Clock ticks again on water use pact
Once again, for the umpteenth time (most of us who are old enough have lost count by now), a court deadline has been imposed, at least tentatively, for warring sides to reach an interstate pact over allocation of water in the Apalachicola-Chattahoochee-Flint river system.
The sides in this case are Georgia and Florida. (Alabama, for whatever reasons, is sitting this one out. We’d be tempted to say it’s because the top officials in all three branches of Alabama government have their own legal problems, if this suit didn’t predate most of those.)
Florida has charged Georgia with overuse of water, one of the results being damage to the oyster industry in Apalachicola Bay; Georgia counters that Florida’s woes are of its own making, or of nature’s, and have nothing to do with upriver consumption.
The matter would eventually be decided by the U.S. Supreme Court if the two states can’t reach an agreement. In an attempt to avoid that least desirable of outcomes, the court in November of 2014 appointed Maine attorney Ralph I. Lancaster as a kind of “special master” to oversee the case. Over the nearly two years since, Lancaster has alternately urged and scolded the two states to play nice, and is quoted in court records as having said, “If you are able to reach a deal, let me add that I will be available 24/7 to take your call, telling me that this matter is settled.”
Now, as reported in the Gainesville Times, there’s a renewed urgency to that negotiation: The court is considering October or November for bringing the case to trial.
Both states say they’re still talking. According to court briefs filed Friday and quoted in the Times, “Florida is committed to the mediation process and hopes that the mediator will be able to help the parties identify solutions to break through the decades of deadlock,” while Georgia concurs that “the parties continue to evaluate and discuss potential ways to resolve the case.”

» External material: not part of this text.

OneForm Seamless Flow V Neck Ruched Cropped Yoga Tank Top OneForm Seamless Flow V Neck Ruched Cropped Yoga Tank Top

All that’s pretty vague, of course, but until and unless some specific water sharing agreements are signed, sealed and stamped, it probably needs to be.
Meanwhile, Lancaster reportedly has enough legal authority on behalf of the high court to help the process along before it has to end up in Washington: “It’s my understanding that [Lancaster] was appointed with the ability to take evidence,” Lake Lanier Association attorney Clyde Morris told the Times, “which means he could preside over evidence being presented in the form of testimony.”
The one thing all parties to this decades-long river debate generally agree on is that having issues decided in courtrooms, by people well versed in law but at best only superficially familiar with water quantity, quality, needs and uses in the ACF basin, ultimately resolves little or nothing.
Georgia and Florida negotiators now have four or five months to make progress on the basis of realities they know and understand, and the Honorables of the high bench don’t and can’t. It’s time they would be irresponsible to squander.